• Goal of the exercise:
What is needed is an exact copy of every entry below, minus the images.

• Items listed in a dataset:
• • • •

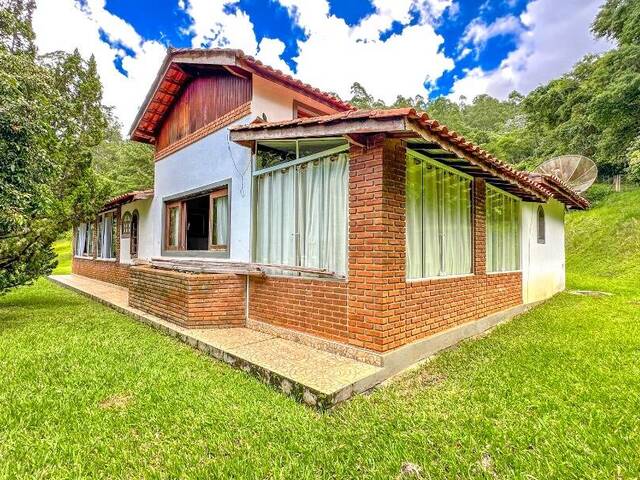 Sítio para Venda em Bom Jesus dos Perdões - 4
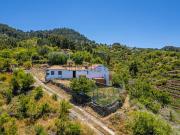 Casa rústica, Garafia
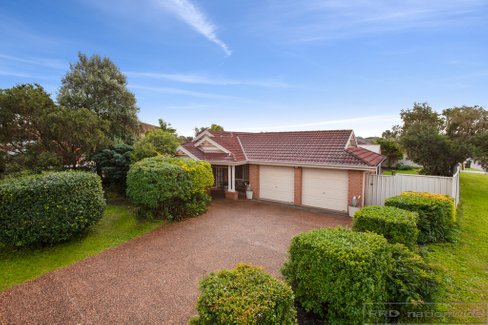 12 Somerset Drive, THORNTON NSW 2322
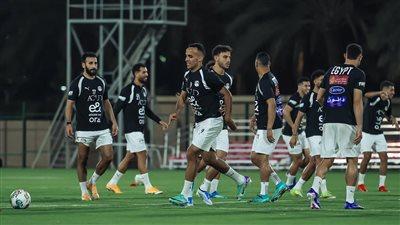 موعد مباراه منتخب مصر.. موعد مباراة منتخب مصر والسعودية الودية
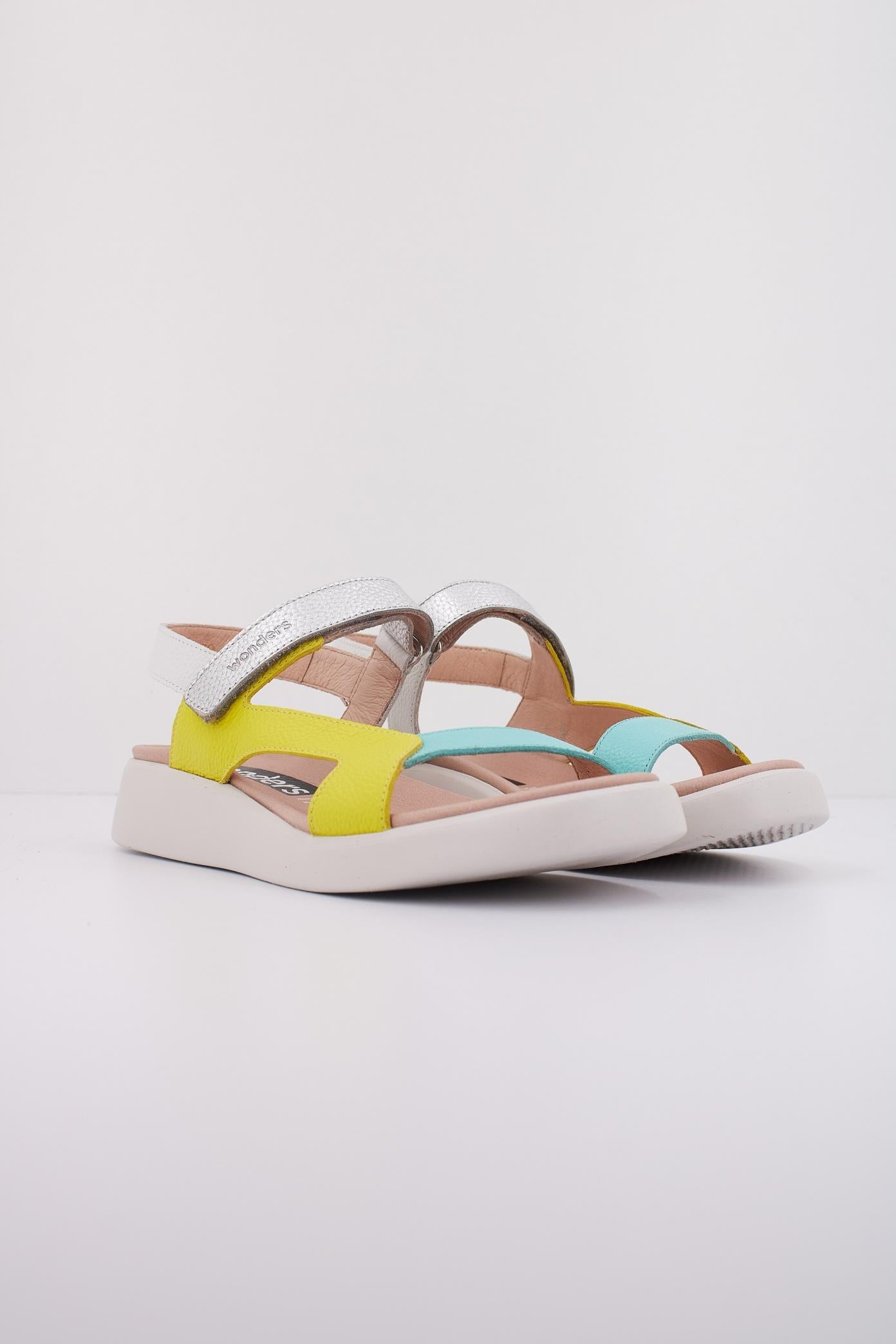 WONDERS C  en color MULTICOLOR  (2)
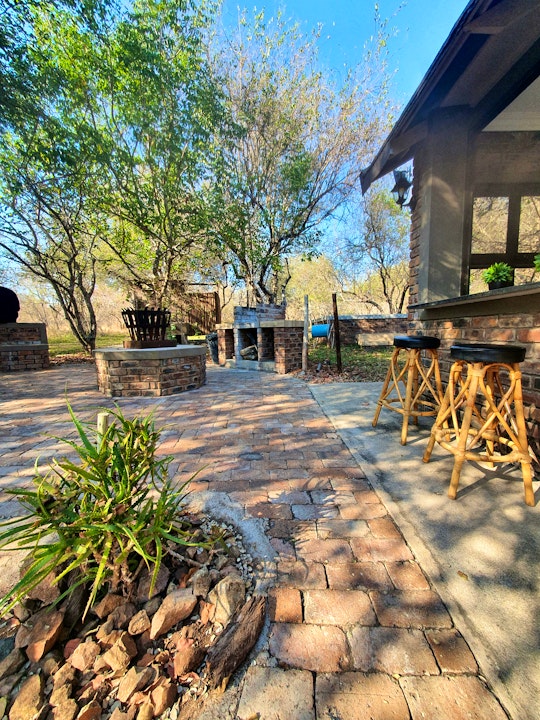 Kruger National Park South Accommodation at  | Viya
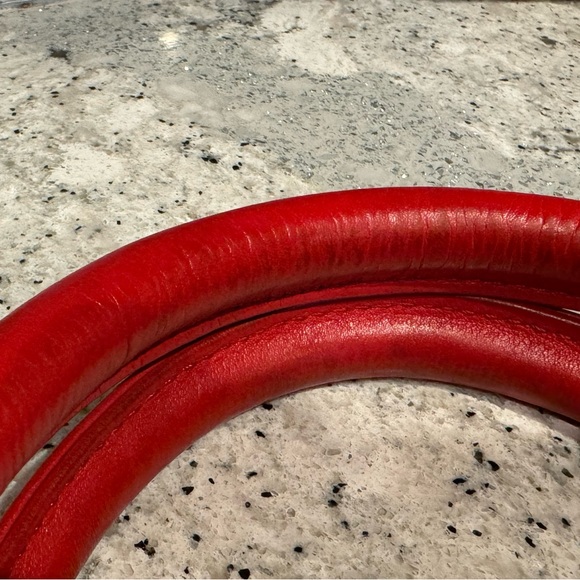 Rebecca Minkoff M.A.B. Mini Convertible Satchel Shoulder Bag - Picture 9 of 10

• • • •

• Answer box:
 Sítio para Venda em Bom Jesus dos Perdões - 4
 Casa rústica, Garafia
 12 Somerset Drive, THORNTON NSW 2322
 موعد مباراه منتخب مصر.. موعد مباراة منتخب مصر والسعودية الودية
 WONDERS C  en color MULTICOLOR  (2)
 Kruger National Park South Accommodation at  | Viya
 Rebecca Minkoff M.A.B. Mini Convertible Satchel Shoulder Bag - Picture 9 of 10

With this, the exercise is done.